In the 20th and 21st centuries, the world has undergone technical, scientific and technological transformations, which have pushed the interaction between humans and computers further and further. This has led to the notion of a fourth industrial revolution, with all disciplines potentially fusing. This hybridisation phenomenon has had an impact on all sectors of our daily life, profoundly challenging many activities, which can no longer be accomplished without hardware or software tools.
Initially described as the “implementation of interactive computing systems for human use” (Hewett et al., 1992), this interdependence between humans and technology, or “human-computer interaction” (or HCI), has overcome the “human use” in many fields, totally or significantly replacing it. In diamesic translation – that is, transcribing speech into written text for reporting, subtitling and other similar purposes – HCI has been increasingly automating all fast-writing activities to such an extent that these activities are impossible without technology, but not without humans.
Depending on the technical solution adopted to carry out these activities (pen shorthand, keyboarding, stenotyping, respeaking or other solutions with automatic speech recognition, or ASR), the products of diamesic translation texts (subtitles, reports, transcripts or notes) can be grouped into four main categories:
- Fully human: humans do the speech-capturing job, and text-processing software can then be used to copy the handwritten notes into digital text.
- Computer-aided: human live subtitlers, reporters or note takers play the most important role, and technology assists them with fast-writing software programs and text-processing interfaces.
- Human-aided: technology transcribes the speech and humans post-edit it, either by correcting transcription mistakes only (as in the case of court reporting) or by turning the spoken text into a readable written text by omitting orality features (such as fillers, hesitations, false starts, self-reformulations and self-corrections) and adjusting grammar and style to those of a written text, as in the case of parliamentary reports and live subtitles in many countries.
- Fully automated: as in the case of automatic subtitles offered by web-based platforms such as YouTube or Teams, ASR transcribes speech and adds punctuation automatically. No human is involved in the process.
Further layers of technology can be added to the above depending on the profession: in note taking, experimental technology automatically translates notes into digital words; in live subtitling, live editors correct the text produced by the live subtitler with a text-processing interface; in court and parliamentary reporting, automatic transcripts and pre-recorded subtitling, the text can be synchronised with the speech either manually, with professional subtitling software, or automatically. In all the above, automatic translation can be used to produce multilingual versions of the same text, as in the case of the European Parliament, which has recently started an experiment aiming at producing live transcripts of its sessions automatically translated into all official languages (Romero-Fresco, 2023).

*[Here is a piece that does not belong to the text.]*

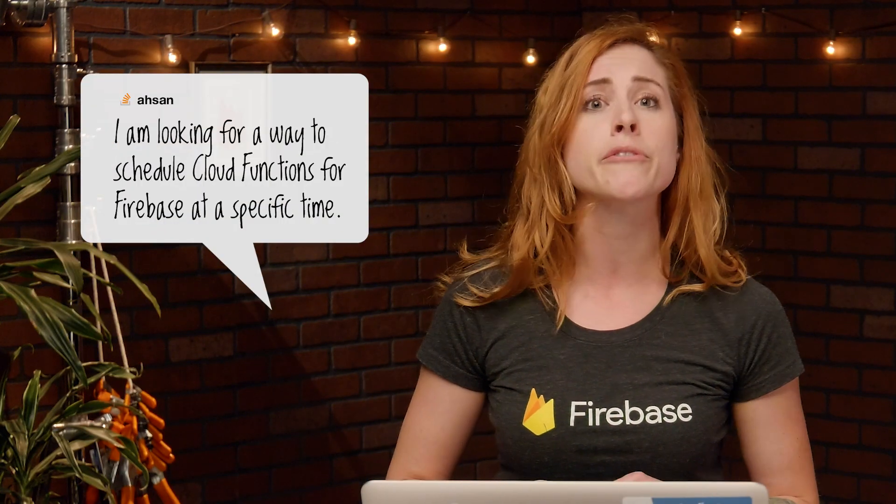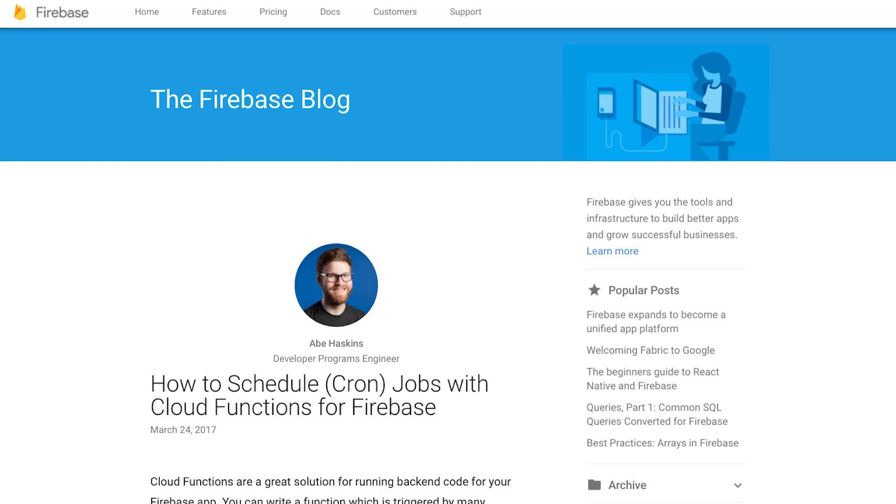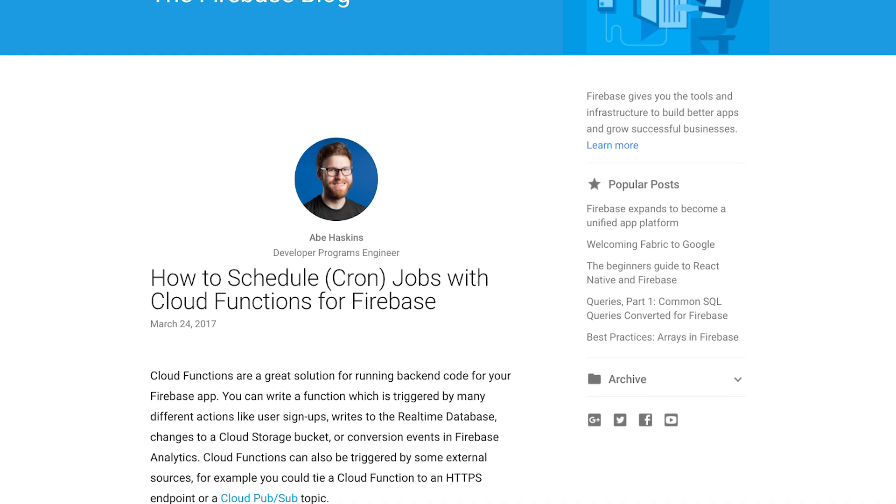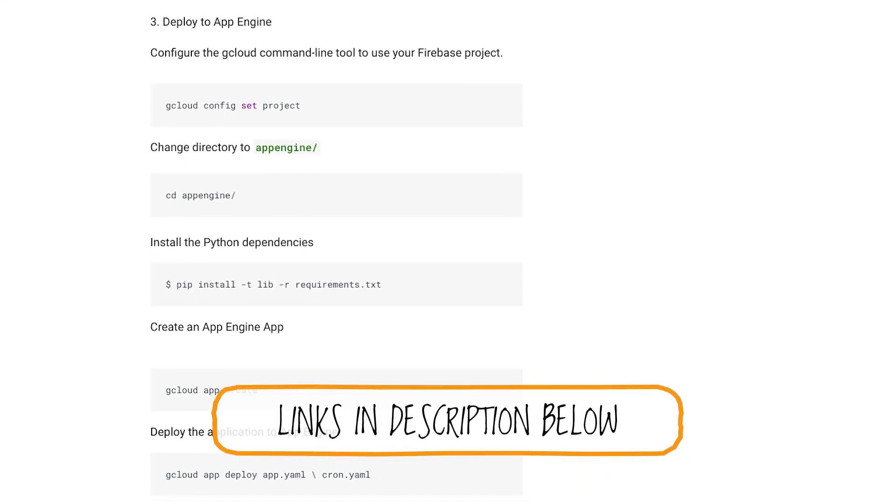Our first question comes from Hassan on Stack Overflow: I'm looking for a way to schedule Cloud Functions for Firebase to occur at a specific time. That's a great question — we actually have a couple of options for that. Check out our examples on GitHub. We have a sample that shows how to use third-party scheduling tools to trigger functions at a specific time. The second option is to set up an App Engine instance, and Abe Haskins has already created a blog post about it. You can check out both of those in the links below.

Recently, big developments have also been made with artificial intelligence. Many professional writers and diamesic translators feel threatened by it, because programs such as ChatGPT seem to produce impeccable professional documents, such as summaries, reports, transcripts, translations, essays and commentaries. The results to date have been both surprisingly positive and surprisingly negative, as is shown by Eero Voutilainen in this issue of Tiro.
In light of all that has happened so far in the fields of HCI and diamesic translation, one can safely conclude that humans should not be scared by technology, as the request for human jobs has kept increasing. There are three main reasons for such an apparently contradictory conclusion. First, the number of transcribed speeches is still a minor proportion of all speeches produced. Secondly, fully automated diamesic translation is more applied to speeches that are unlikely to be transcribed by a professional, such as YouTube videos, videoconference meetings and media output for media indexing purposes. Thirdly, technology introduces new jobs, such as the post-editor of automatically produced transcript drafts.
All in all, humans are still in control, and machines cannot think for themselves.
Carlo Eugeni is Tiro’s Scientific Advisor.
Hewett, T., R. Baecker, S. K. Card & T. Carey (1992). ACM SGHCHI Curricula for Human-Computer Interaction. New York: The Association for Computing Machinery.
Romero-Fresco, P. (2023). “Interpreting for access – The long road to recognition”. In Zwischenberger, C., K. Reithofer & S. Rennert (eds.) Introducing New Hypertexts on Interpreting (Studies) – A tribute to Franz Pöchhacker. Amsterdam: John Benjamins Publishing Company, pp.236-253. DOI: https://doi.org/10.1075/btl.160.12rom
Voutilainen, E. (2023). “Artificial Intelligence Suggests Using Itself for Professional Transcription” – Tiro 1/2023.